PostgreSQL 8.1.23 Documentation | ||||
---|---|---|---|---|
Prev | Fast Backward | Fast Forward | Next |
PostgreSQL uses an internal heuristic parser for all date/time input support. Dates and times are input as strings, and are broken up into distinct fields with a preliminary determination of what kind of information may be in the field. Each field is interpreted and either assigned a numeric value, ignored, or rejected. The parser contains internal lookup tables for all textual fields, including months, days of the week, and time zones.
This appendix includes information on the content of these lookup tables and describes the steps used by the parser to decode dates and times.
The date/time type inputs are all decoded using the following procedure.
Break the input string into tokens and categorize each token as a string, time, time zone, or number.
If the numeric token contains a colon (:), this is a time string. Include all subsequent digits and colons.
If the numeric token contains a dash (-), slash (/), or two or more dots (.), this is a date string which may have a text month.
If the token is numeric only, then it is either a single field or an ISO 8601 concatenated date (e.g., 19990113 for January 13, 1999) or time (e.g., 141516 for 14:15:16).
If the token starts with a plus (+) or minus (-), then it is either a time zone or a special field.
If the token is a text string, match up with possible strings.
Do a binary-search table lookup for the token as either a special string (e.g., today), day (e.g., Thursday), month (e.g., January), or noise word (e.g., at, on).
Set field values and bit mask for fields.
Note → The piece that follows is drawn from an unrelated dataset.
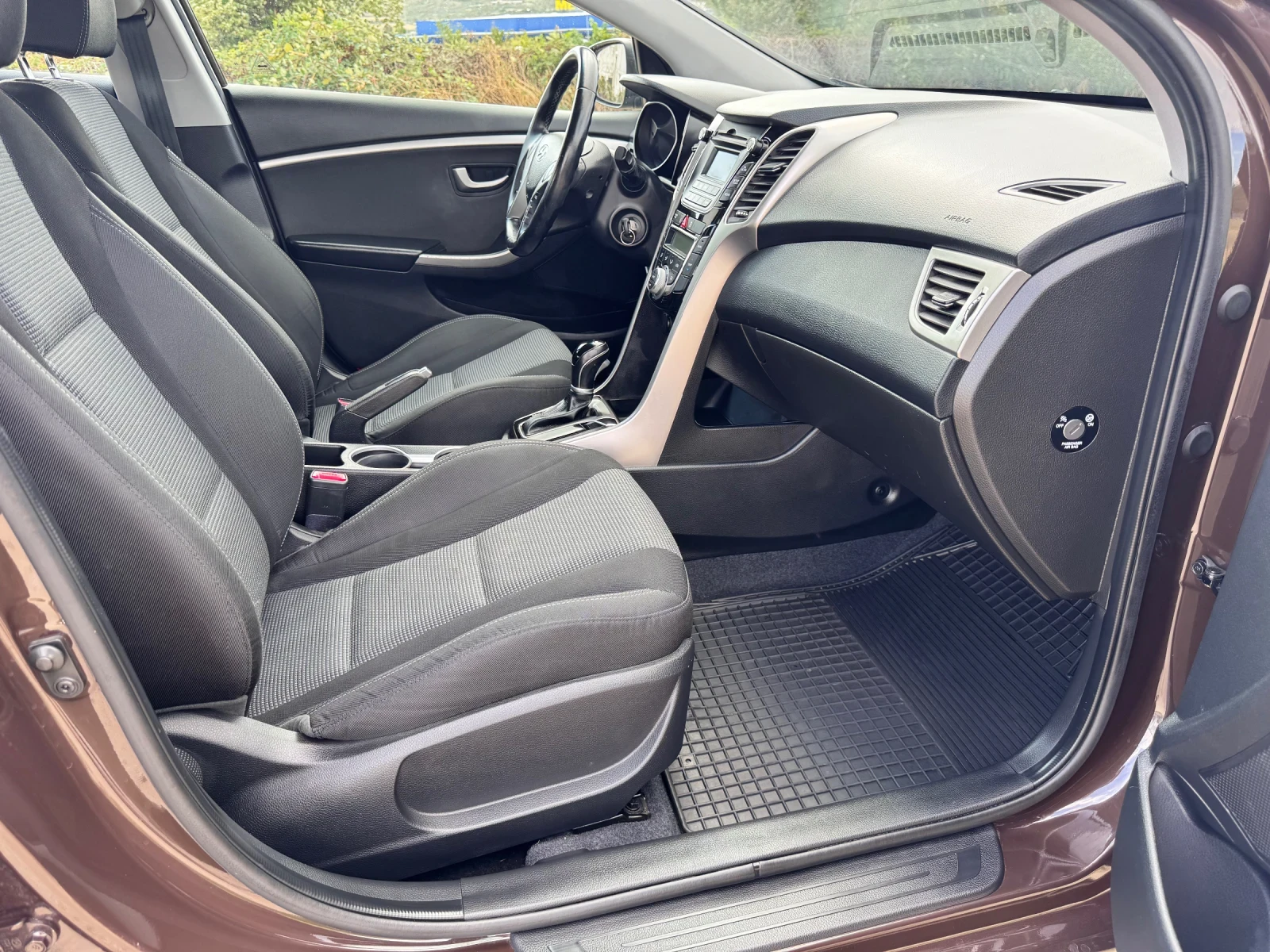 Hyundai I30 1.6crdi navi/auto/ | Mobile.bg   11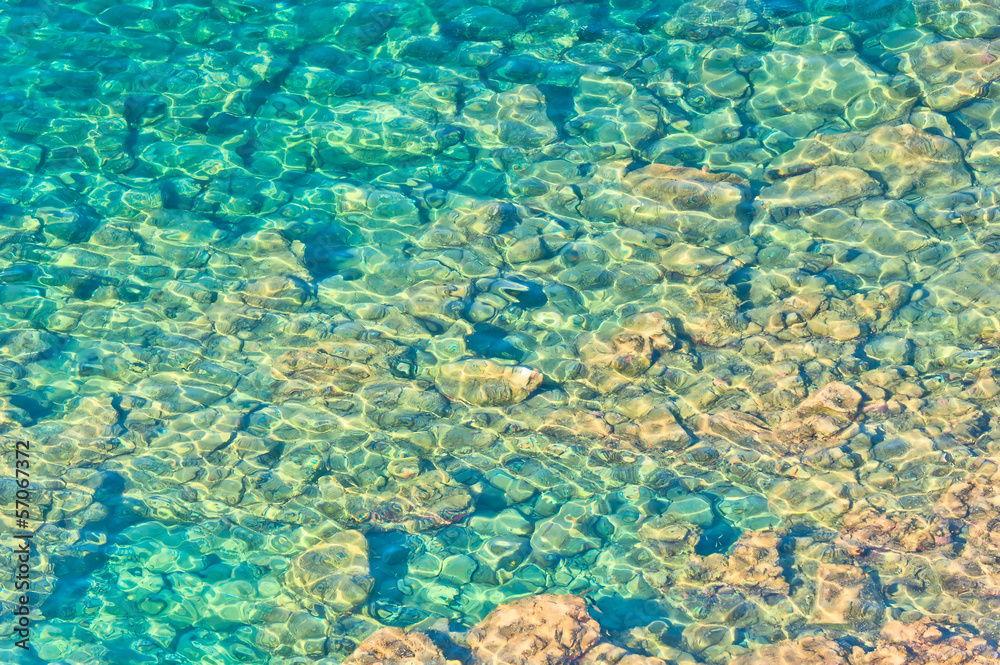 Obraz premium crystal clear waters and rocky bottom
For example, set year, month, day for today, and additionally hour, minute, second for now.
If not found, do a similar binary-search table lookup to match the token with a time zone.
If still not found, throw an error.
When the token is a number or number field:
If there are eight or six digits, and if no other date fields have been previously read, then interpret as a "concatenated date" (e.g., 19990118 or 990118). The interpretation is YYYYMMDD or YYMMDD.
If the token is three digits and a year has already been read, then interpret as day of year.
If four or six digits and a year has already been read, then interpret as a time (HHMM or HHMMSS).
If three or more digits and no date fields have yet been found, interpret as a year (this forces yy-mm-dd ordering of the remaining date fields).
Otherwise the date field ordering is assumed to follow the DateStyle setting: mm-dd-yy, dd-mm-yy, or yy-mm-dd. Throw an error if a month or day field is found to be out of range.
If BC has been specified, negate the year and add one for internal storage. (There is no year zero in the Gregorian calendar, so numerically 1 BC becomes year zero.)
If BC was not specified, and if the year field was two digits in length, then adjust the year to four digits. If the field is less than 70, then add 2000, otherwise add 1900.
Tip: Gregorian years AD 1-99 may be entered by using 4 digits with leading zeros (e.g., 0099 is AD 99). Previous versions of PostgreSQL accepted years with three digits and with single digits, but as of version 7.0 the rules have been tightened up to reduce the possibility of ambiguity.